Do alto dos seus 91 anos, Eastwood estrela e dirige essa obra sobre um antigo peão de rodeios e treinador de cavalos que coleciona arrependimentos e traumas do passado. Logo no início do longa-metragem, vemos o protagonista Mike Milo (interpretado pelo próprio diretor) sendo despedido pelo seu empregador, Howard Polk (Dwight Yoakam). A justificativa de Polk é simples: “é preciso modernizar”. E não há lugar para o cowboy clássico em meio ao mundo moderno.
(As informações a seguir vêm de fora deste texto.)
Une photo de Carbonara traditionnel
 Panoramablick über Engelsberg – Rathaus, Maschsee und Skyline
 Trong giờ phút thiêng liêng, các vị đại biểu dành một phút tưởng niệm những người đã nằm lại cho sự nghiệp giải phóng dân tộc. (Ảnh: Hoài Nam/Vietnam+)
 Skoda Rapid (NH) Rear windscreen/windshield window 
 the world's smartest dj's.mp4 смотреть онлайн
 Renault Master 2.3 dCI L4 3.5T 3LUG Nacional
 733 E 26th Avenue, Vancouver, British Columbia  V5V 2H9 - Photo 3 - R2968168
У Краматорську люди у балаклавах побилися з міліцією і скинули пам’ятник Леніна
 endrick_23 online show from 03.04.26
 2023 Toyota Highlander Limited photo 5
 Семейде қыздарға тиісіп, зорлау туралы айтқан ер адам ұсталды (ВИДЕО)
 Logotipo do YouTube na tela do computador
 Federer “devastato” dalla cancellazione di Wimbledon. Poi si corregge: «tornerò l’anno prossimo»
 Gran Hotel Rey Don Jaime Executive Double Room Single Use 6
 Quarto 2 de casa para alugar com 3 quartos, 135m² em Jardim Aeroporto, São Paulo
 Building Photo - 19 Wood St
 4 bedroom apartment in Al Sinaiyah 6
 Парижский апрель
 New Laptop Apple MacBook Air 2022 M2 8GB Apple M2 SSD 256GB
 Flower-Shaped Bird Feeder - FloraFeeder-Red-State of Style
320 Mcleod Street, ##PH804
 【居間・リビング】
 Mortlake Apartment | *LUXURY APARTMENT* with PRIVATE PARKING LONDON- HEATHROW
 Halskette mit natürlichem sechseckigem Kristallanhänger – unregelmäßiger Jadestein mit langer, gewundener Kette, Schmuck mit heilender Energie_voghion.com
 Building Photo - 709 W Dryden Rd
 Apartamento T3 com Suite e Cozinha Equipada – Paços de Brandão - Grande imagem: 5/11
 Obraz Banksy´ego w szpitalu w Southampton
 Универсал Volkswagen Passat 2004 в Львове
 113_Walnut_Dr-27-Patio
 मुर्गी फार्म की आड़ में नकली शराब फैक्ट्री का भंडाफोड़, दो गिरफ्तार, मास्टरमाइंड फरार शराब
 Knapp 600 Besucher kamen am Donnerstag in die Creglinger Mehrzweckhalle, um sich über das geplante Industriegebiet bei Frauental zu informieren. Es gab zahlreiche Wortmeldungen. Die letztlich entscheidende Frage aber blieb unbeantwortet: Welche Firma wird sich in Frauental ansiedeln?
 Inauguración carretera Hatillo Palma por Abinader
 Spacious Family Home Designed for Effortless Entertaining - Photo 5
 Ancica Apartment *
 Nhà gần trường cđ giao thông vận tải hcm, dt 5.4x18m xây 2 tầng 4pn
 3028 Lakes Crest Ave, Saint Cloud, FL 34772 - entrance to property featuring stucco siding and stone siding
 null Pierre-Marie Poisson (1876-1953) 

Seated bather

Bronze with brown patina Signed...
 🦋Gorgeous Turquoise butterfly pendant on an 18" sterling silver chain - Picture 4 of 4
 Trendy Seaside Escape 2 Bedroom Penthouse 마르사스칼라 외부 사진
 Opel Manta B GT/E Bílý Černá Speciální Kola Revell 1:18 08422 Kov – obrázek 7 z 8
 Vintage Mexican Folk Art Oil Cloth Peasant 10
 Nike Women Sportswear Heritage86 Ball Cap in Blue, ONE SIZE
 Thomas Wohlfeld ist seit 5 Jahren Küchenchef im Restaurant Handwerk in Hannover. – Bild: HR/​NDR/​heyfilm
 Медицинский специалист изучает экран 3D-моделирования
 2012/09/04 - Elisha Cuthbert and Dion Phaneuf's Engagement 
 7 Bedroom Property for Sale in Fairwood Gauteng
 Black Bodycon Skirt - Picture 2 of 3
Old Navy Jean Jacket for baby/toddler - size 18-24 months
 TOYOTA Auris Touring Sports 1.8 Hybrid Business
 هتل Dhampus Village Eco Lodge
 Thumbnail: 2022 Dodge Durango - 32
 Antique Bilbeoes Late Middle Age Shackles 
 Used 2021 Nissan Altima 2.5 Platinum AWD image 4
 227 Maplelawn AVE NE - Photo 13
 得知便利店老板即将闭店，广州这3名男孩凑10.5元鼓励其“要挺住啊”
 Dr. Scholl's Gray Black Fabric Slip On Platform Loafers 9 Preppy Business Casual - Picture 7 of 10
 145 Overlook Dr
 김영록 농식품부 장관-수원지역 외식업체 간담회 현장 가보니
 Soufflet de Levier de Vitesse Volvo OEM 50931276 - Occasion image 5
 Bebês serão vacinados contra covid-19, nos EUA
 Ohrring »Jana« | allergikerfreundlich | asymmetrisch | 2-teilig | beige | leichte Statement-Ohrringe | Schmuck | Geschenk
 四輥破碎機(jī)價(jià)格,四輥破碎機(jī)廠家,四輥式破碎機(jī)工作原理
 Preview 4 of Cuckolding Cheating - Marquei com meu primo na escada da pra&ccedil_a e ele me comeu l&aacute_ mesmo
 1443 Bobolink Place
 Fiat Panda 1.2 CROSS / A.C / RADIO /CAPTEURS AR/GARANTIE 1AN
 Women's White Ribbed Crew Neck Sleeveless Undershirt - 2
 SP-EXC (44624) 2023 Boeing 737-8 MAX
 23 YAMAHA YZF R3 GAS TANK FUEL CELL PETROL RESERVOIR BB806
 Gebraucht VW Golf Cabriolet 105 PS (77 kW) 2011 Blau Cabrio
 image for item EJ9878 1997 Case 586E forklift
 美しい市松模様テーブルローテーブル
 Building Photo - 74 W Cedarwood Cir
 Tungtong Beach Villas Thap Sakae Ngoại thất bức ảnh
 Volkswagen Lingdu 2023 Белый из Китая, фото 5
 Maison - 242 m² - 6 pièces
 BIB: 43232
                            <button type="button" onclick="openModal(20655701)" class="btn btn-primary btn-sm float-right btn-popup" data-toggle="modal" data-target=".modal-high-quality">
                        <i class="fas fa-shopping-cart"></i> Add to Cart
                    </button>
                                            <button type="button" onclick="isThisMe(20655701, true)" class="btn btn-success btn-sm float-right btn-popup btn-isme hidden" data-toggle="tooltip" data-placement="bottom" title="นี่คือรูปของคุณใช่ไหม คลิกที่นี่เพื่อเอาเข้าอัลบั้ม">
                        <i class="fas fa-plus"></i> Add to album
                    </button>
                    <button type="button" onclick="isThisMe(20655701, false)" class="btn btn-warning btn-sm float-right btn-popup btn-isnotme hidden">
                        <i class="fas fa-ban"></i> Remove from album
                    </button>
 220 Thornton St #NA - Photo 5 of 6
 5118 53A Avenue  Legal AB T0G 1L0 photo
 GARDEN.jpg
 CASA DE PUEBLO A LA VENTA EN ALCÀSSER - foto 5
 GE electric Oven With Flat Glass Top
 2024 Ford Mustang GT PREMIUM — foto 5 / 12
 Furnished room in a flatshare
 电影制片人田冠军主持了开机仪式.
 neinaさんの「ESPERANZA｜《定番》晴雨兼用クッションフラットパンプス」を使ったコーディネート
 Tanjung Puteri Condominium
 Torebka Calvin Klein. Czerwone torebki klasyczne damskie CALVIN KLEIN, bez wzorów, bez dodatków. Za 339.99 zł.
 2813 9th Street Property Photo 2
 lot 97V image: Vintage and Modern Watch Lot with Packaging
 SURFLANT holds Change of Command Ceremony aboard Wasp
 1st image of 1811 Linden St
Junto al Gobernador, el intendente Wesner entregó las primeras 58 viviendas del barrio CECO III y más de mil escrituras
Um ano se passa, e Polk procura Milo para oferecer-lhe um trabalho diferente: ele precisa cruzar a fronteira para resgatar o filho do seu empregador, supostamente uma vítima dos maus tratos da mãe.
A contragosto, Milo aceita fazer a viagem. Mas a fará do seu jeito e no seu ritmo. Não demora até que ele encontre o menino, Rafo (Eduardo Minett), mas não sem antes fazer inimizade com a mãe dele, Leta (Fernanda Urrejola). Perseguidos pela polícia e pelos capangas de Leta, Milo e Rafo fazem um desvio e vão parar numa cidadezinha afastada, onde conhecem Marta (Natalia Traven), a dona de um restaurante que ajuda a dupla enquanto eles se escondem. Aos poucos, Milo e Rafo começam a se acostumar com a vida na cidade pequena e a vontade de cruzar a fronteira é levada embora como uma bola de feno em meio à ventania.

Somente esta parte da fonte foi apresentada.